There are several potential options built into the randomForest() package that can help us right off. The first I’ll explore is the classwt parameter, from the documentation, this parameter sets the ‘priors of the classes’ and ‘it need not add to 1’. By default, all classes have a classwt = 1, meaning that a misclassification error during training counts the same for all classes. By changing this parameter so that one class has a classwt of 2 and the rest have a classwt of 1, you are telling the RandomForest that a misclassification is double penalized for one class versus another. This forces the model to minimize error in the class with higher weight. We can supply any numeric vector that is equal to the number of classes to R and not worry about it adding to 1 because when the model is compiled, the classwts are regularized. I tested two strategies for class weights. The first is a basic inverse frequency weighting:

cuisine_freq = table(train_test$train_dt_y)
base_wts = 1/(cuisine_freq/min(cuisine_freq))

rfwts_1 = randomForest(x = train_test$train_dt_x,
                       y = train_test$train_dt_y,
                       ntree = 1500,
                       mtry = 10,
                       classwt = base_wts)

Here the smallest class (british) has a classwt = 1 and the largest class (mexican) has a classwt of .03. This model resulted in a slightly weaker overall accuracy (weighted : 88%, base : 93%) but a much stronger balanced accuracy (weighted : 90% , base : 76%).

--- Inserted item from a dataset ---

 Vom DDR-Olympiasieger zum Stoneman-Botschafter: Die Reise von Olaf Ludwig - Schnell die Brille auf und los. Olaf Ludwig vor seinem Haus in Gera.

Looking at the plot below, we can see that the model gave strong preference to the smaller classes, causing large class performance to suffer.

class wt model performance

I tested using a slightly less drastic weighting method to see if I could get better class accuracy balance:

cuisine_freq = table(train_test$train_dt_y)
new_wts = log(cuisine_freq/min(cuisine_freq))
new_wts[is.infinite(new_wts)] = 1
new_wts[new_wts < 1] = 1
new_wts = 1/new_wts

rf_wts_2 = randomForest(x = train_test$train_dt_x,
                  y = train_test$train_dt_y,
                  ntree = 2500,
                  mtry = 10, 
                  classwt = new_wts)

Which improved overall accuracy (92%) and balanced accuracy (92%)

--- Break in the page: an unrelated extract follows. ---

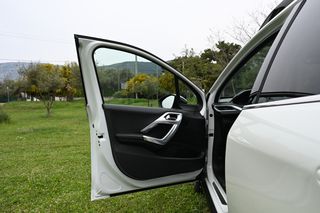 Peugeot 2008 2016 CROSSWAY-thumb-35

Another option built into the randomForest() package is to use stratified sampling in the creation of each tree. By default, the model will sample your data, with replacement, to create a bootstrapped dataset for each tree it constructs. Each observation in your data is equally likely to occur in this bootstrapped dataset, so, naturally, larger classes have larger representation. We can alter this behavior by telling the model that we want to take a specific number of samples from each class, using the sampsize agrument. By giving a set number from each class to sample, we can make each tree have equal representation for all classes. NOTE - it is necessary to set replace = FALSE when doing this to keep your smaller classes from having overly influential observations. Like the classwt parameter, I tried two different configurations of the sampsize parameter to improve performance.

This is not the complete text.